§ Exercise requirements:
Below are some records. Retype exactly the lines from the one containing "Mermaid Cut Out" through the one containing "Poem about love", both included, skipping every picture.

§ Source data:
----------

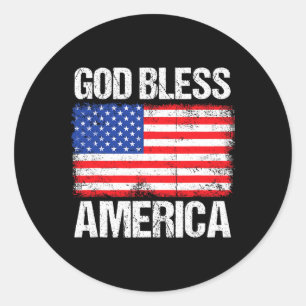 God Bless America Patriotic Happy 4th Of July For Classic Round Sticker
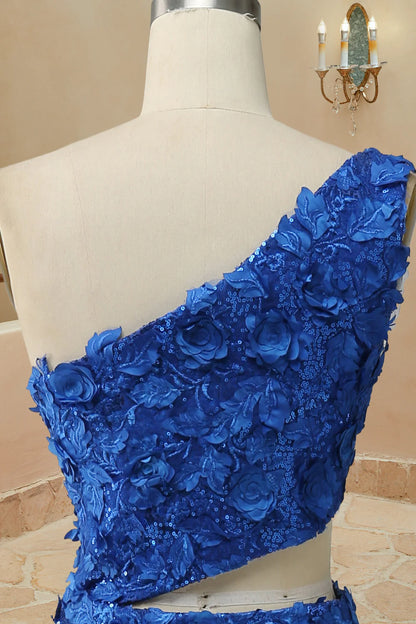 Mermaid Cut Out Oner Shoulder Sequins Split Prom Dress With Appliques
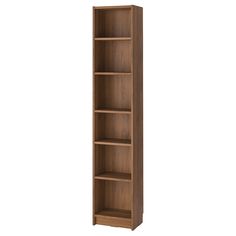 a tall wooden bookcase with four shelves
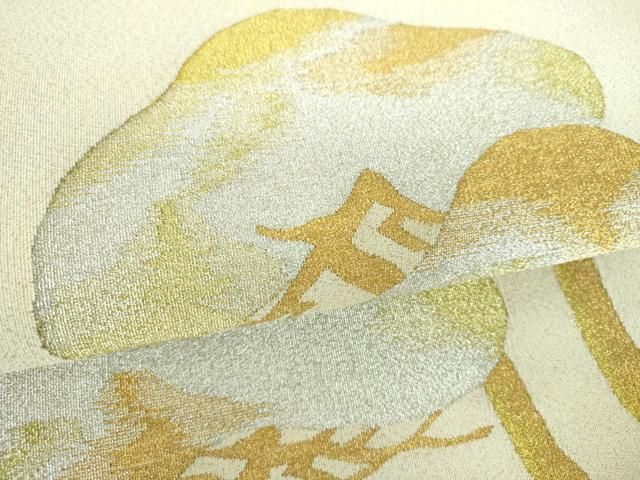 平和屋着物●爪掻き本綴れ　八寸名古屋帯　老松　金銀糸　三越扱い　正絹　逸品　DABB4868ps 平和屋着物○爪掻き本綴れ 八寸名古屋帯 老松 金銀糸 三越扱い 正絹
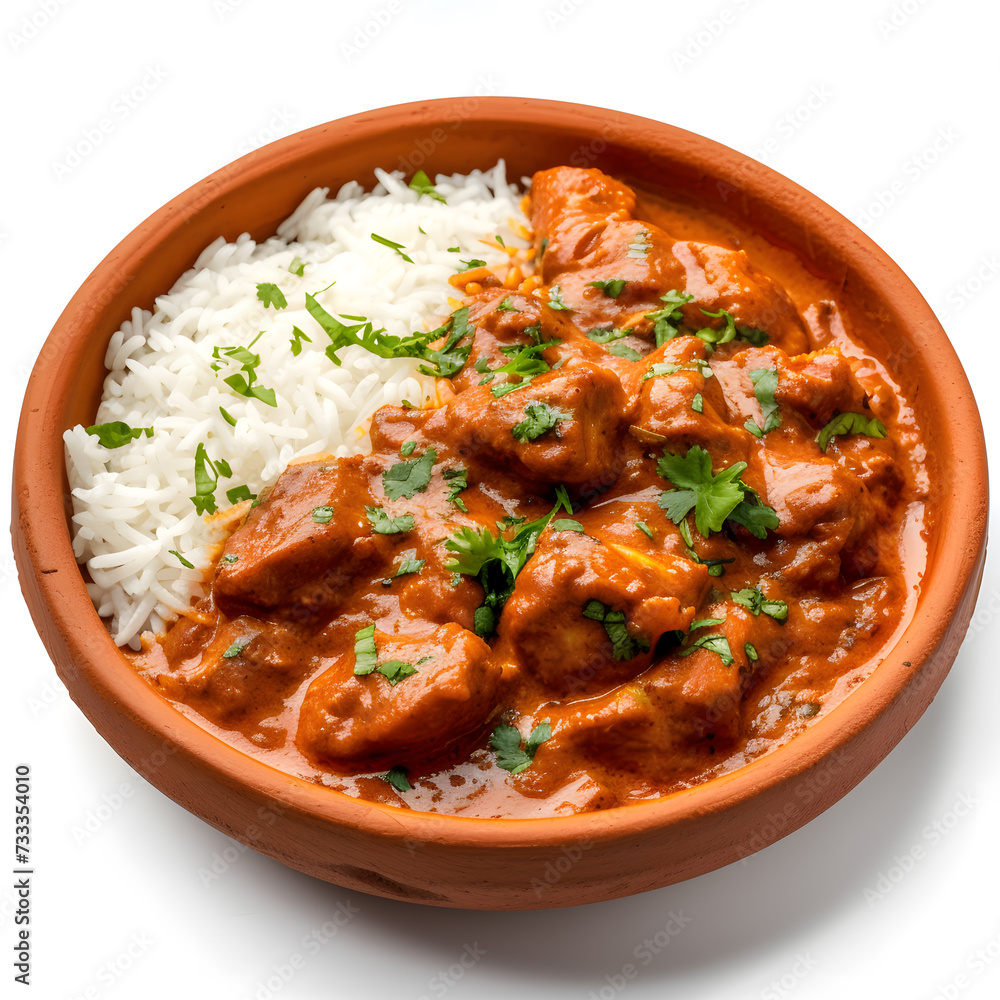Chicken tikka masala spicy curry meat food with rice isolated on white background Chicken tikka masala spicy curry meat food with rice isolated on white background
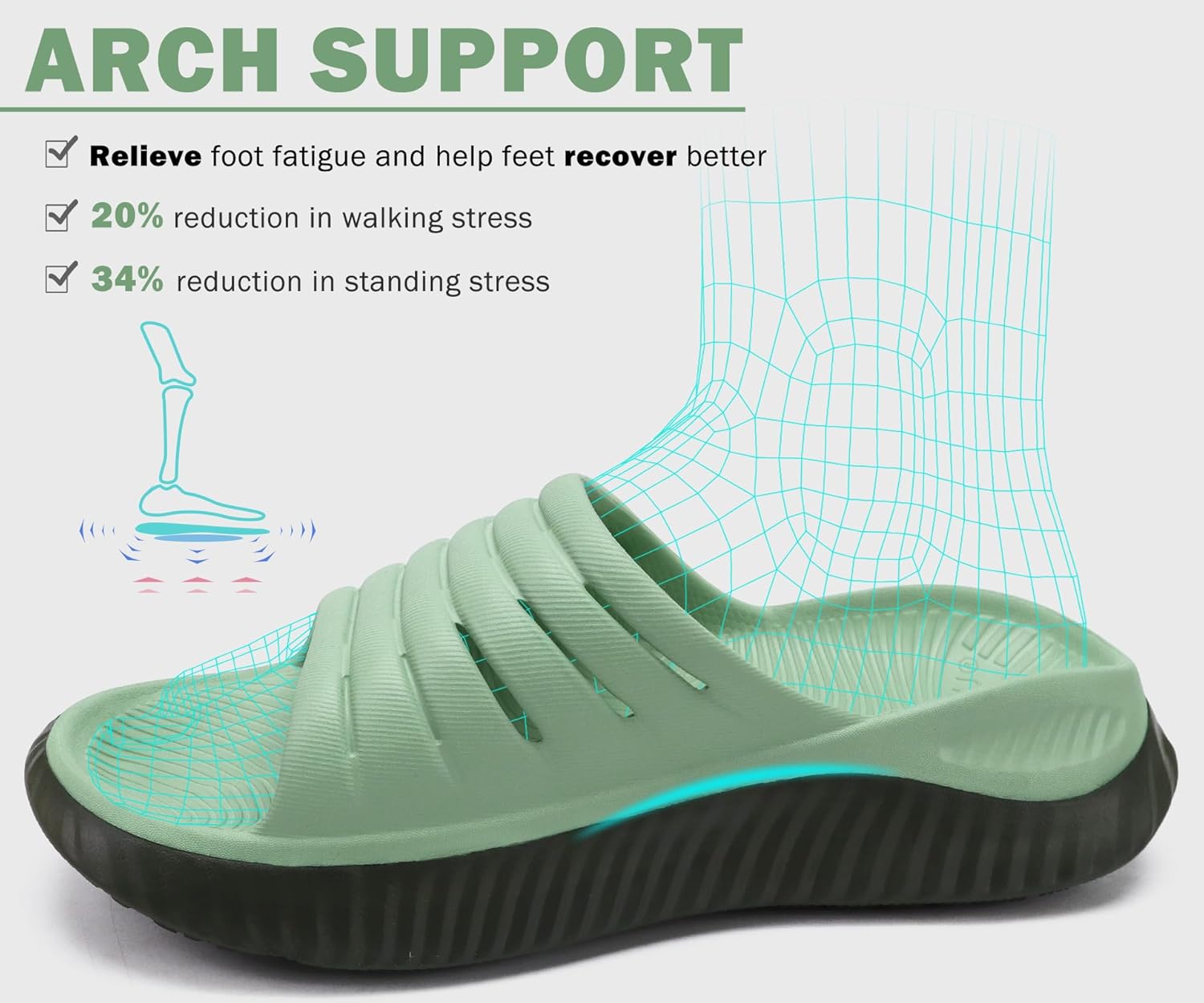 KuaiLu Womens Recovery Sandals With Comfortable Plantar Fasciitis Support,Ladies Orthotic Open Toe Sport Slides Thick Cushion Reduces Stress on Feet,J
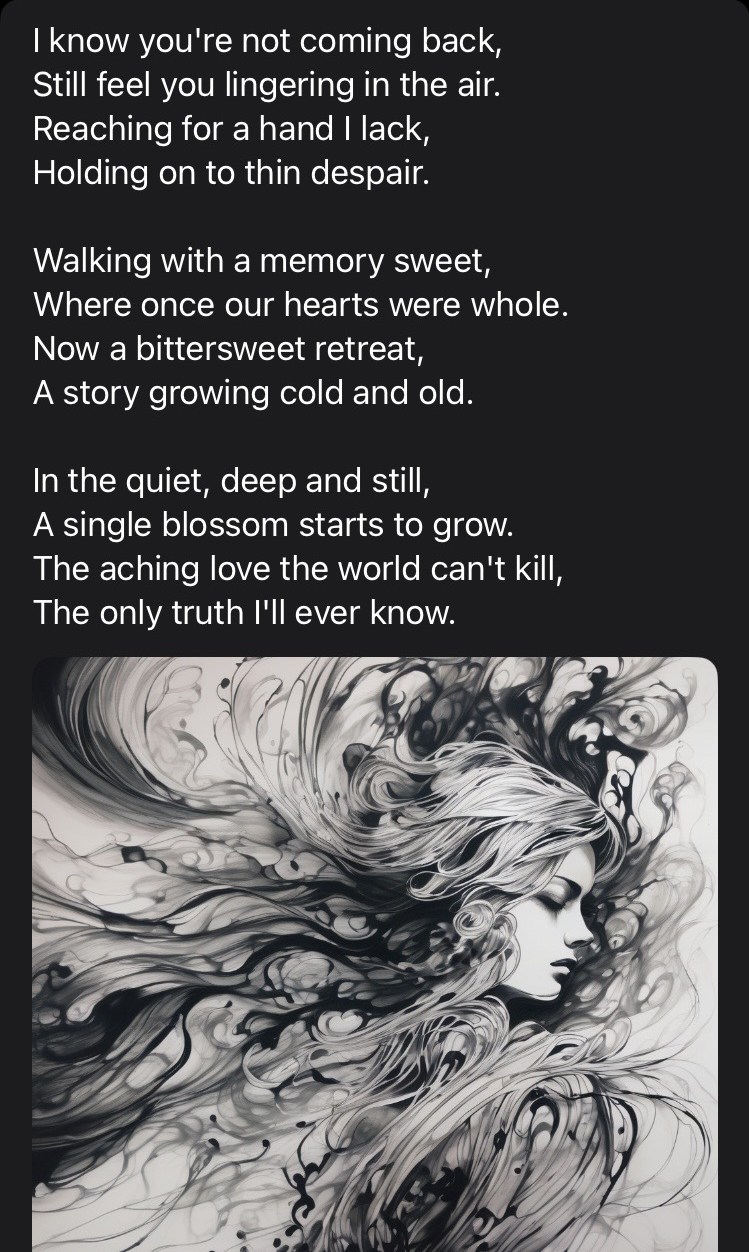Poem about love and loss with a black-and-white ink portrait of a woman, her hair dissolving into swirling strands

----------

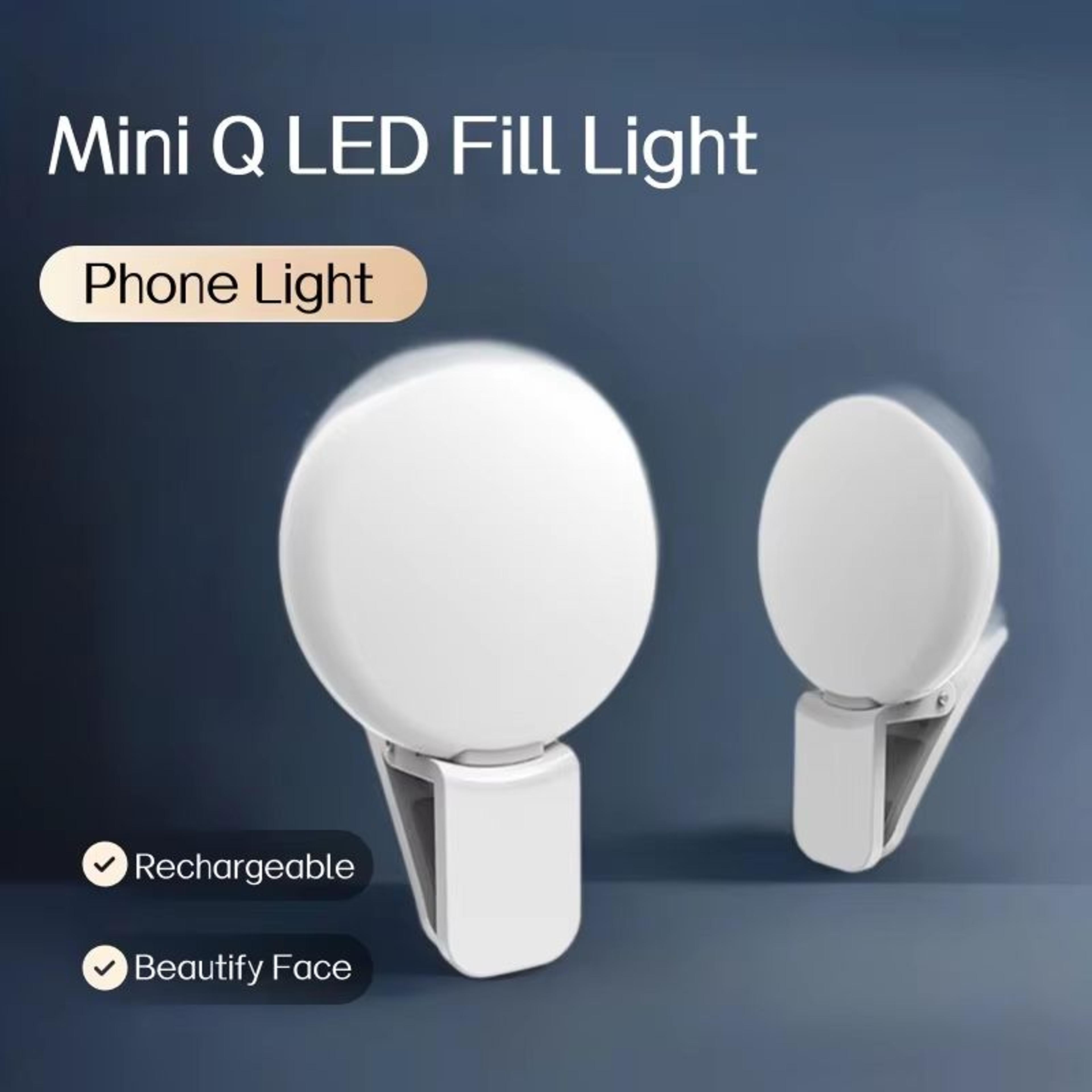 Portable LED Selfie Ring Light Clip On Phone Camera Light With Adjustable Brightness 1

----------

§ Reply to the task:
 Mermaid Cut Out Oner Shoulder Sequins Split Prom Dress With Appliques
 a tall wooden bookcase with four shelves
 平和屋着物●爪掻き本綴れ　八寸名古屋帯　老松　金銀糸　三越扱い　正絹　逸品　DABB4868ps 平和屋着物○爪掻き本綴れ 八寸名古屋帯 老松 金銀糸 三越扱い 正絹
Chicken tikka masala spicy curry meat food with rice isolated on white background Chicken tikka masala spicy curry meat food with rice isolated on white background
 KuaiLu Womens Recovery Sandals With Comfortable Plantar Fasciitis Support,Ladies Orthotic Open Toe Sport Slides Thick Cushion Reduces Stress on Feet,J
Poem about love and loss with a black-and-white ink portrait of a woman, her hair dissolving into swirling strands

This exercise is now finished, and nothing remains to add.